University essay from KTH/Numerisk analys, NA

Author: Geir Paulsen; [2014]

Keywords: ;

Abstract: This paper presents PDEs that describes sedimentation by a system of diffusion and transportation equations. These PDEs are implemented with a semi-implicit scheme and solved on a Graphics Processing Unit (GPU). The equations are solved with the iterative solvers (conjugate gradient and biconjugate gradient stabilized method) provided by the software ViennaCL. The timings from these operations are compared with a CPU implementation. Before using the iterative solvers, a sparse matrix and a right hand side vector is set. The sparse matrix and the right hand side vector are efficiently updated on the GPU. The implicit terms of the PDEs are stored in the sparse matrix and the explicit terms in the right hand side vector. The sparse matrix is stored in the compressed sparse row (CSR) format. Algorithms to update the sparse matrix for the PDEs, which have Neumann or a mix of Neumann and Dirichlet boundary conditions, are presented.

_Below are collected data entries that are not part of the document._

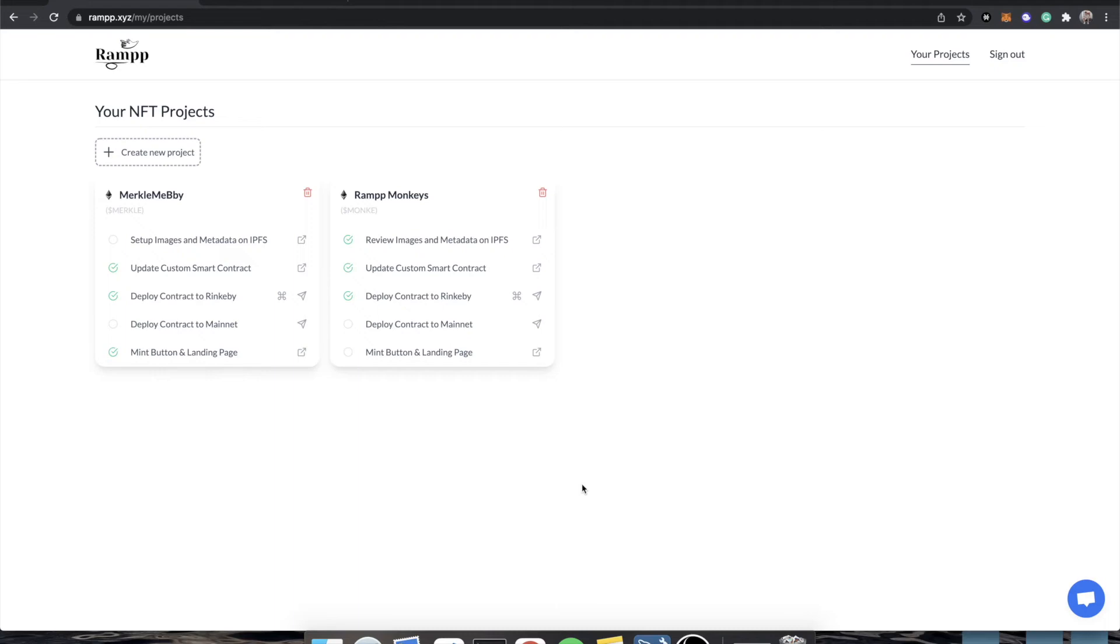Hey everybody, Timothy Karambat, founder of Ramp. In the previous video, we went over how to manage your contract, get it listed on OpenSea, and all of the ins and outs of what you can do on that page.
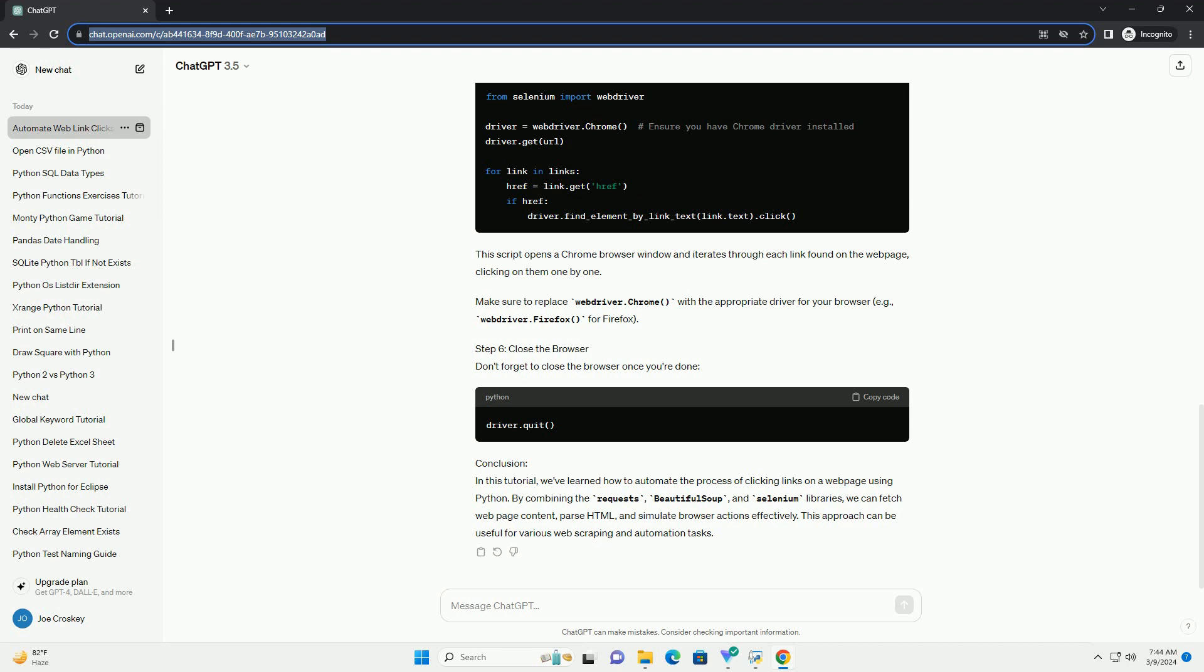Conclusion. In this tutorial, we've learned how to automate the process of clicking links on a web page using Python. By combining the Requests, BeautifulSoup, and Selenium libraries,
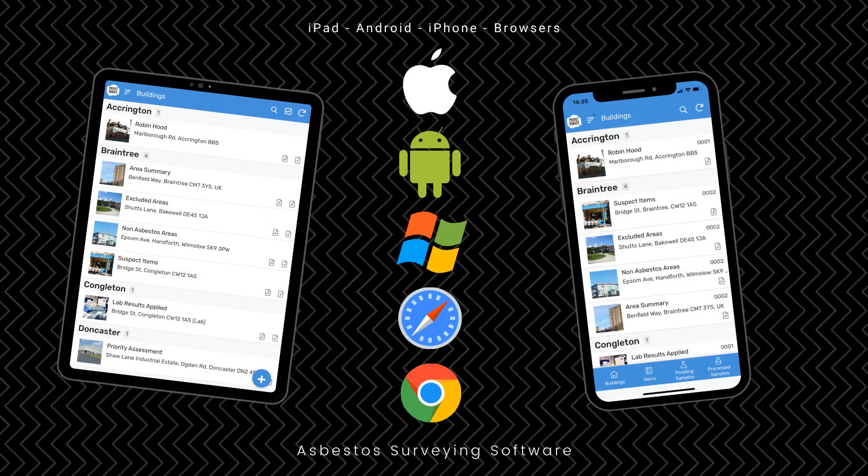The app is designed for mobile devices, but also works great on desktop computers. There's only one interface to learn, which looks the same on all devices. So you can use it on Apple or Android tablets and phones, as well as desktop computers such as Windows, Mac and Chrome.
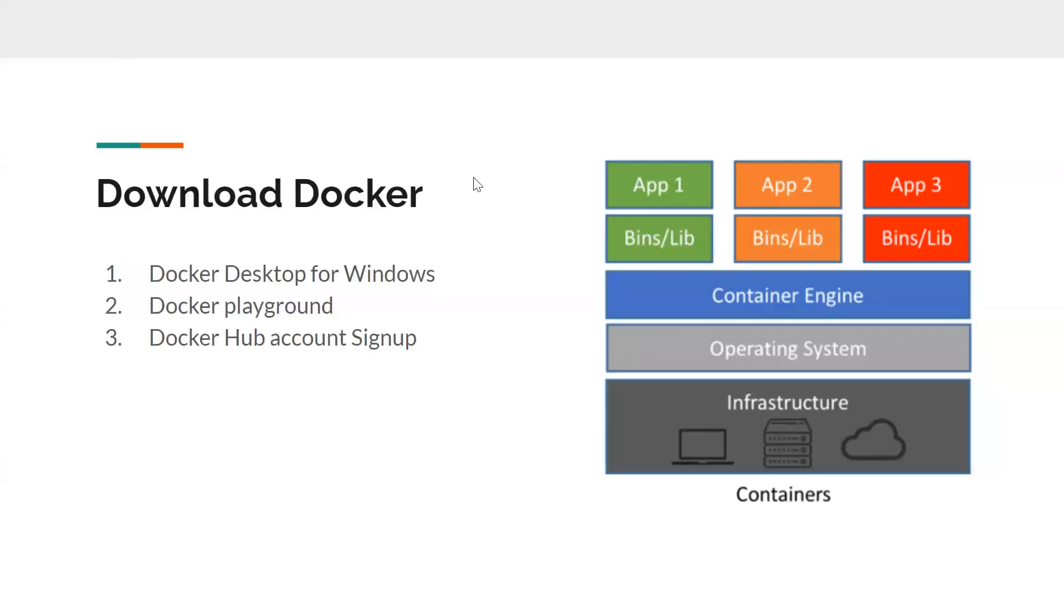Hi friends, welcome back to my channel Testing Minibytes. I'm your friend and today's video we will see how to download Docker for your machines. We have spoken a lot about why we need to use Docker in test automation and we also saw what is the difference between virtualization and containerization.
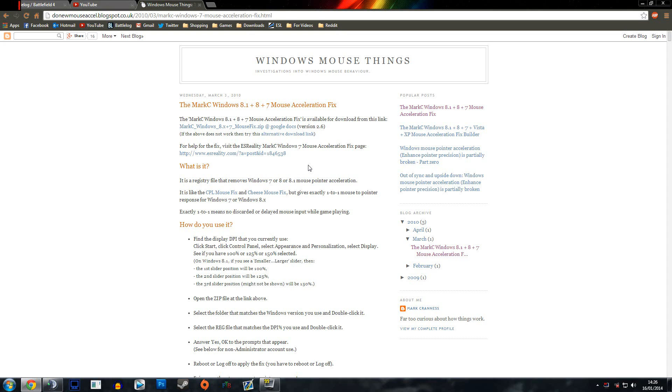So basically you can't get any kind of twitch accuracy. You can't flick from one person to another and be accurate every time. By disabling mouse acceleration you're enabling your muscles to remember everything and become a better, more consistent shot. It becomes a very big part of how you play, especially as an infantry player.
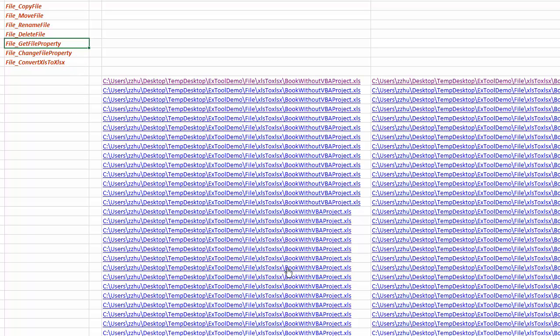So there's a particular need for users of Excel when they migrate from Excel 2003 to 2007 and beyond, when Office or Microsoft start to use XLSX to identify Excel files that does not have VBA.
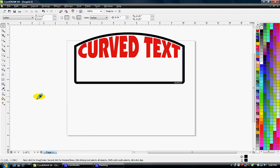Hello, welcome to another CorelDRAW 14 tutorial. Today I was actually asked how do you curve text.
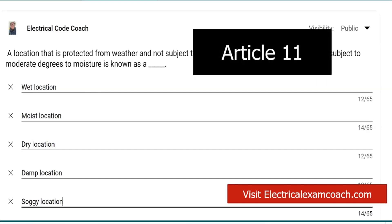In this case, we're going to head to Article 100 and look. If we go to 'location, damp,' we're going to find out that a damp location is a location that is protected from weather but is subject to moderate degrees of moisture. Not a soggy location — a damp location.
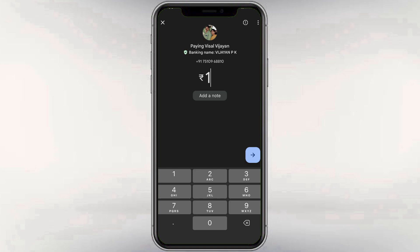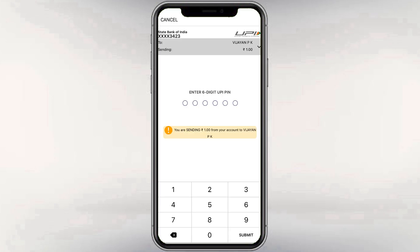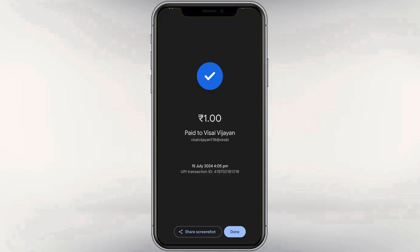After entering the UPI number and terms of fund transfer, we apply and submit. The transaction will be completed, and the details for the transaction will be received via email.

As the values in the sparse matrix depend on values from the previous results, the sparse matrix has to be updated frequently. Considerable time is saved by updating the sparse matrix on the GPU instead of on the CPU (slow data transfers between CPU and GPU are reduced). The speedup for the GPU implementation was found to be 8-10 and 12-18 for the GPUs GTX 590 and K20m respectively, depending on grid size. The high speedup is due to the CPU model of the CPUs used for timings being an older model. If a newer CPU model were used, the speedup would be lower. Due to limited access to newer hardware, a more accurate value for speedup comparison has not been acquired. Indications still prove that the GPU implementation is faster than the sequential CPU implementation.